Bipolar disorder is less common than depressive or anxiety disorders, so only 23 women in the whole study qualified for the diagnosis (there were 332 with depression or anxiety and therefore excluded from this analysis, and 691 without depressive or anxiety disorders). Participants with bipolar disorder were younger and had higher average daily energy intake, though there was no difference in education, BMI, alcohol intake, education, socioeconomic status, smoking, and physical activity compared to those with no psychopathology. (Interesting - bipolar disorder and substance abuse are highly correlated so it is something to keep in mind that these 23 bipolar ladies didn't seem to smoke or drink more than the 691 "normals.")

Now the diet results! Individuals with a "modern" pattern were more likely to have a diagnosis of bipolar disorder, as were individuals with a "western" pattern, before and after adjustments for energy intake. A "traditional" dietary pattern was protective. These data held even when accounting for age.

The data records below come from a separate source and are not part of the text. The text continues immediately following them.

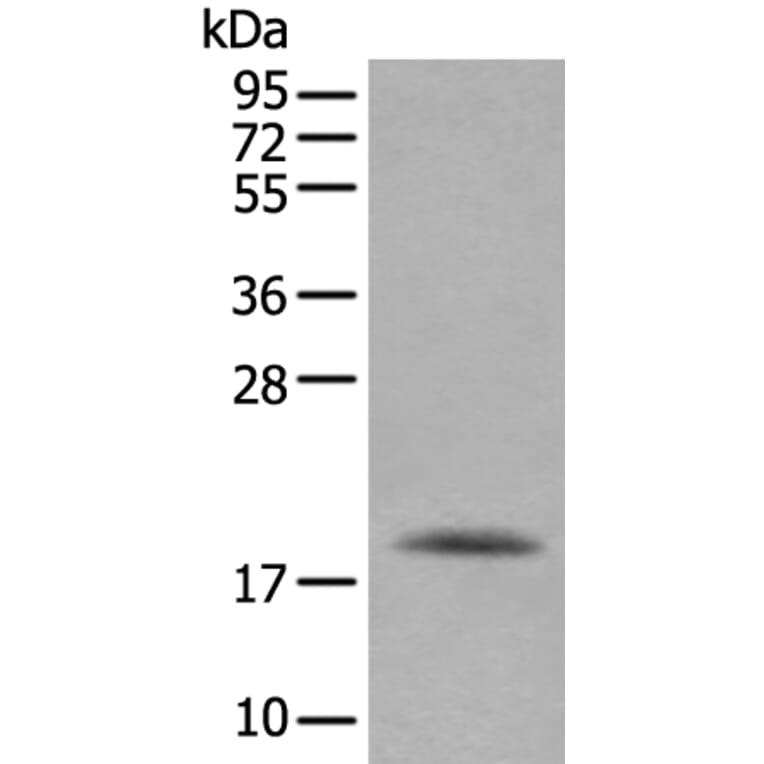 RAC2 Antibody from Signalway Antibody (43907) - Antibodies.com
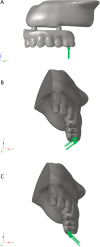 Fig. 2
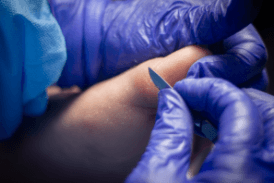 podologia galeria (20)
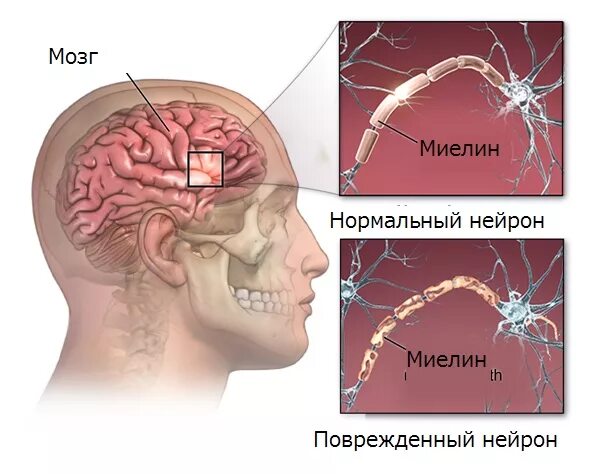 Склероз мозга. Рассеянный склероз мозг. Мозг с рассеянным склерозом. Мозг человека с рассеянным склерозом. Рассеянный склероз Макропрепараты.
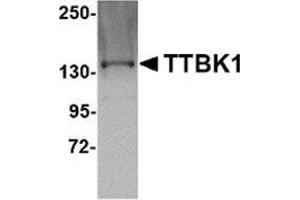 Western blot analysis of TTBK1 in Jurkat lysate with this product at 1 μg/ml. (TTBK1 anticorps  (C-Term))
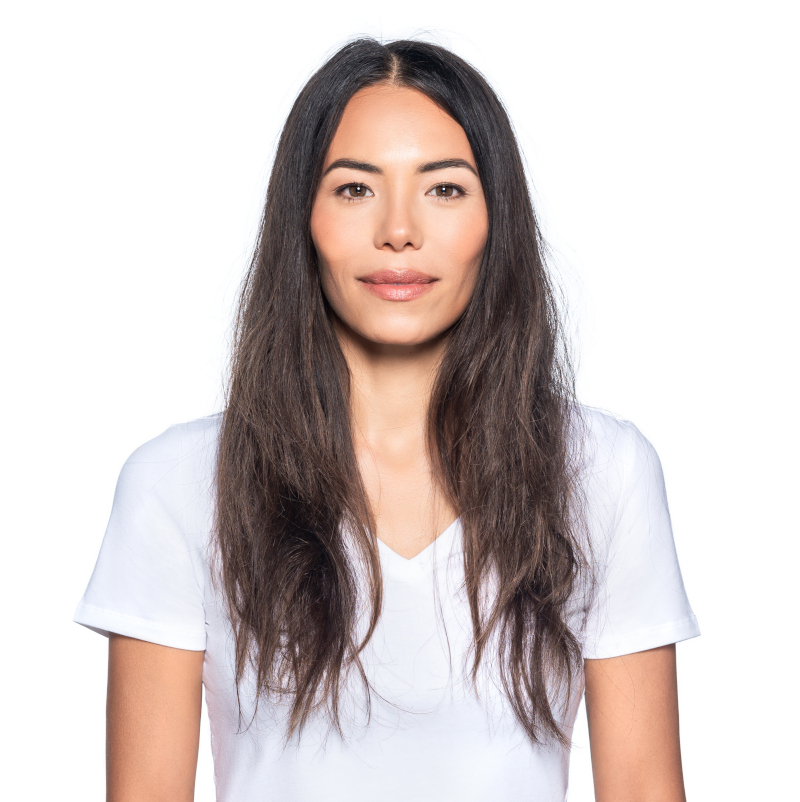 silverlight model before treatment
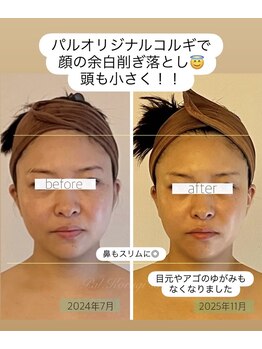 パル コルギサロン(Pal. Korugi salon)/コルギビフォーアフター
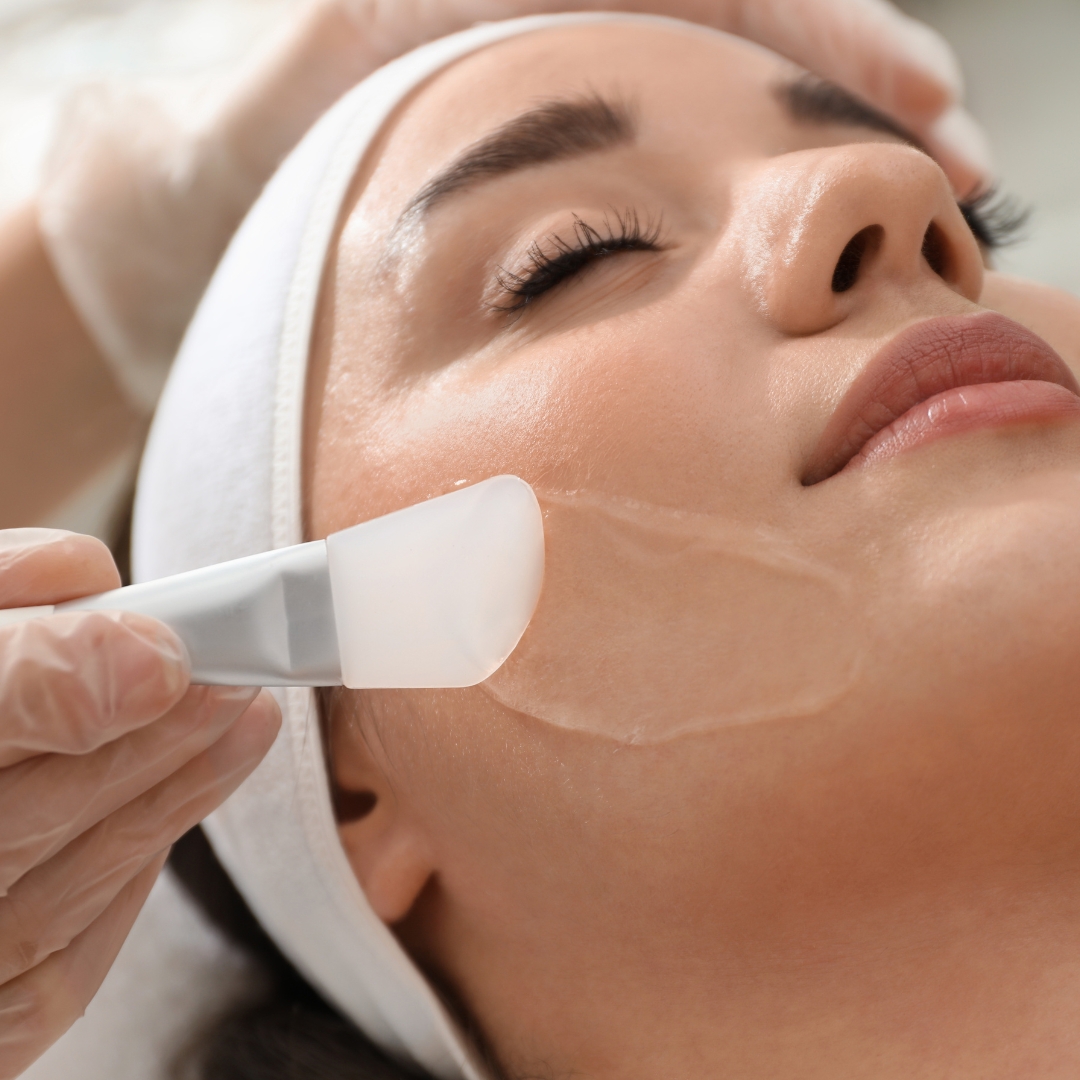 Chemical Peels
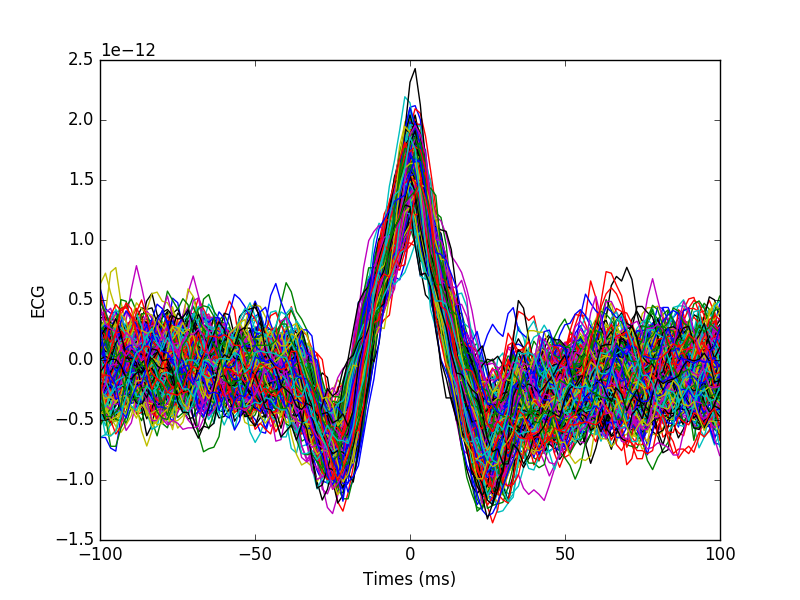 ../../_images/sphx_glr_plot_find_ecg_artifacts_001.png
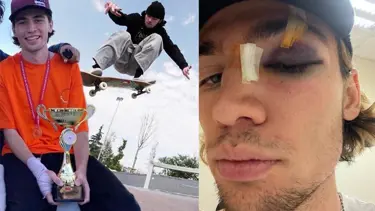 İstanbul'da milli sporcuya dayak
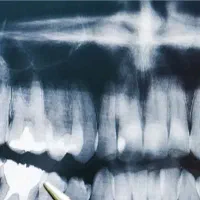 دستیار و پذیرش دندانپزشکی باسابقه خانم، شهر قدس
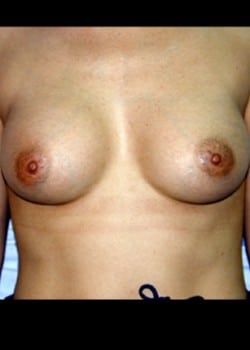 After Image: Breast Augmentation - front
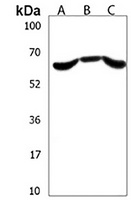 PALM3 Rabbit Polyclonal Antibody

As in the previous study (which I addressed in the comments in my previous blog post), the diets were also given a total "DQS" or dietary quality score, associated with how close the diets came to the national recommendations for good diets (similar to the USDA recommendations). DQS score of diets had no correlation with bipolar disorder, protective or not protective.

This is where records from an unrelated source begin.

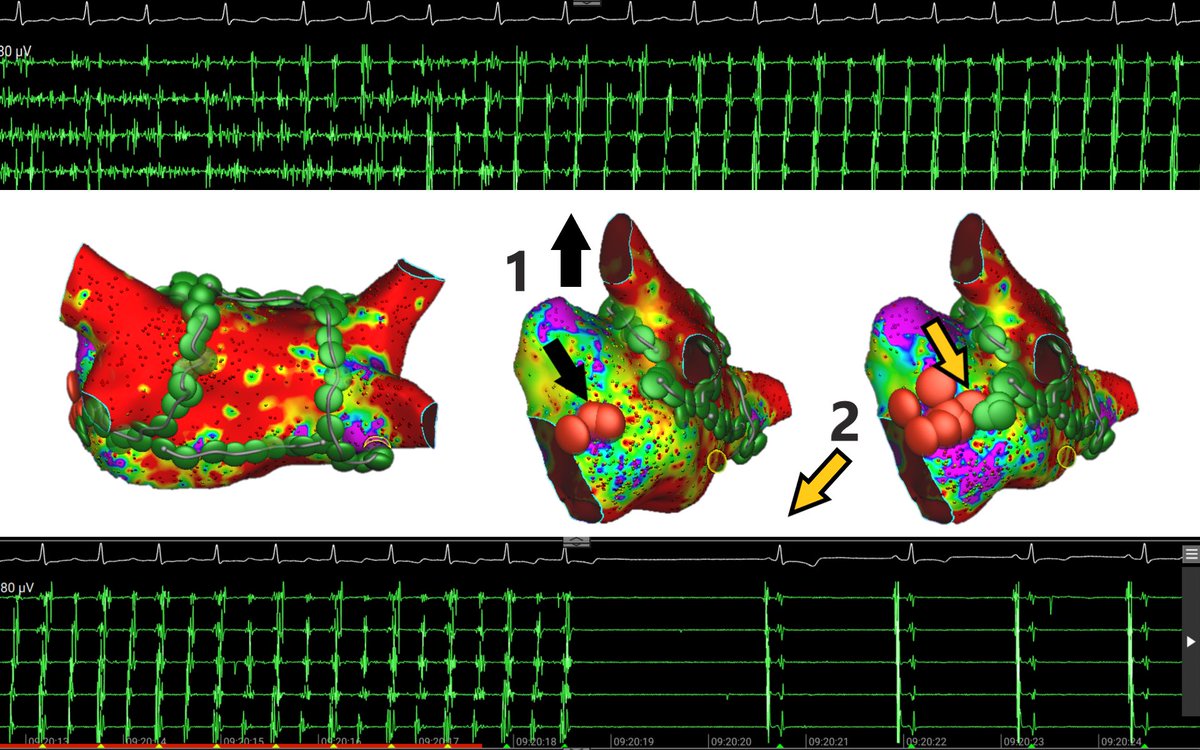 Michail Efremidis (@mefraimidis) on Twitter photo LSAF more than 2 years converted into SR during MI ablation using AFFERA system. AF to MFL and then to SR@SteliosDragasis <a href="/ipetemil/">Panagiotis Mililis</a> <a href="/athsaplaouras/">Athanasios Saplaouras</a> <a href="/Kariki_O/">Ourania Kariki</a> <a href="/K_Letsas/">Konstantinos Letsas</a> @PetrosSkalidis@Medtronic LSAF more than 2 years converted into SR during MI ablation using AFFERA system. AF to MFL and then to SR@SteliosDragasis <a href="/ipetemil/">Panagiotis Mililis</a> <a href="/athsaplaouras/">Athanasios Saplaouras</a> <a href="/Kariki_O/">Ourania Kariki</a> <a href="/K_Letsas/">Konstantinos Letsas</a> @PetrosSkalidis@Medtronic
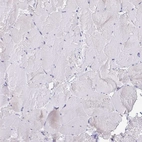 Immunohistochemical staining of human skeletal muscle shows no positivity in myocytes as expected.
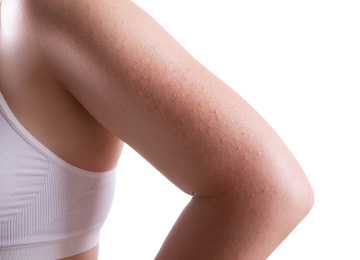 さめ肌(鮫肌)の原因と改善法とは?腕やおしり太ももの急なザラつきを治す方法を医師が解説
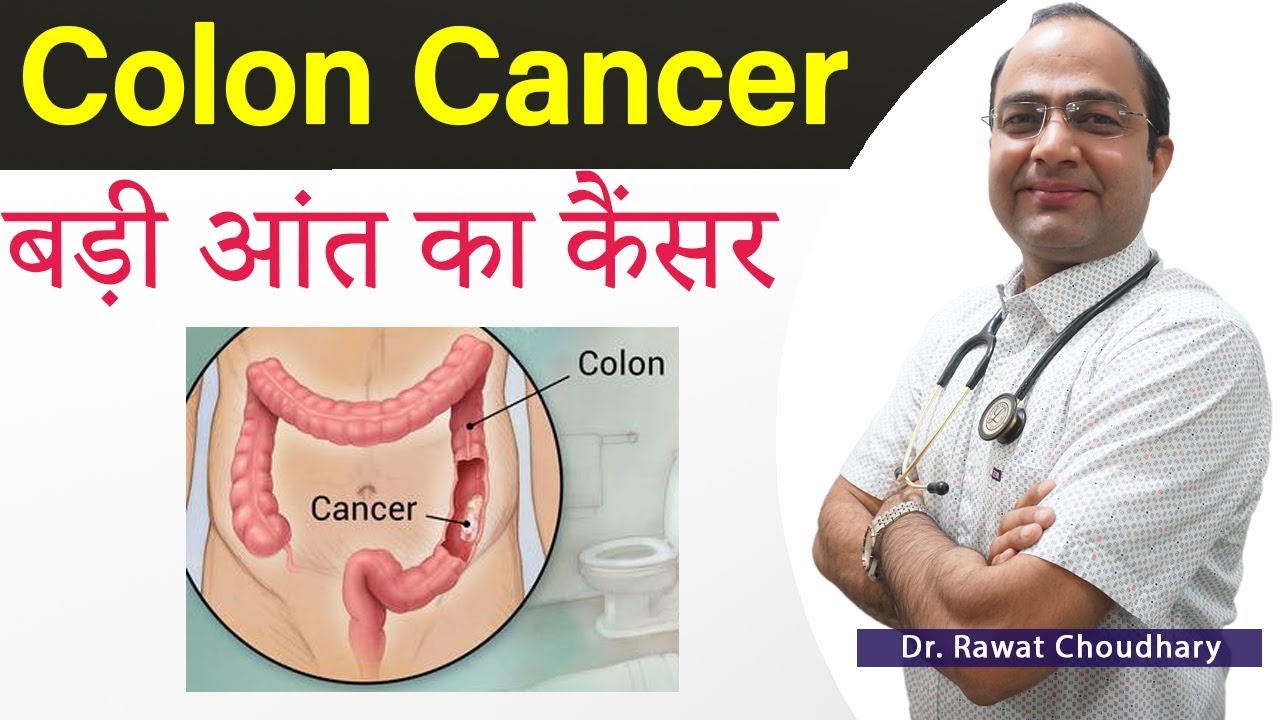 Colon Cancer Best Treatment | बड़ी आंत के कैंसर का इलाज | Large Intestine Cancer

Overall, the authors noted (as I do now!) that the association with depressive, anxiety, and bipolar disorders are similar - a "traditional" diet being protective, and modern and western diets being similarly dismal. My theory is that an individual's response to diet would be based on genetic risk, so the inflammation level related to similar dietary choices would come out as different psychopathology depending on your genes.

The authors of the second study make note of the results of the first study I mentioned above - they think diet is causative, not a choice as a result of specific psychiatric illness. They note systemic inflammation, oxidative stress, and neurotrophin levels as potential explanations of the demonstrated associations between dietary quality and bipolar disorder. I agree. Wholeheartedly.

Eat real food, folks. It won't hurt. And maybe it will help.